Description of the task:
The expected output is a copy of every line in the records with the string "Results".
(Supplied records Opens)
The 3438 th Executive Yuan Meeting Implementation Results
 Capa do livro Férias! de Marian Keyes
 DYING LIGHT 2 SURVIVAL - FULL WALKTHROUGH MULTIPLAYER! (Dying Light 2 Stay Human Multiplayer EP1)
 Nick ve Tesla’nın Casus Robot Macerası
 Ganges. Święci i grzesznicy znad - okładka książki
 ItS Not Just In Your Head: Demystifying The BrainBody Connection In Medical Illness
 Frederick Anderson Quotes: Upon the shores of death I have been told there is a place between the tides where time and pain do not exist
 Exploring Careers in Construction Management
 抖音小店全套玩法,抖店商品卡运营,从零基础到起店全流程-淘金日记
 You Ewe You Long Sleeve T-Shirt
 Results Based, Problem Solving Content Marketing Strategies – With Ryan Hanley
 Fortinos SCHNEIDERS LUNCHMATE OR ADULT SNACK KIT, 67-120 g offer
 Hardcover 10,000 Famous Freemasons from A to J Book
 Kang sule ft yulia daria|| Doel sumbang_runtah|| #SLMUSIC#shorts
(Supplied records Closes)
Answer area:
The 3438 th Executive Yuan Meeting Implementation Results
 Results Based, Problem Solving Content Marketing Strategies – With Ryan Hanley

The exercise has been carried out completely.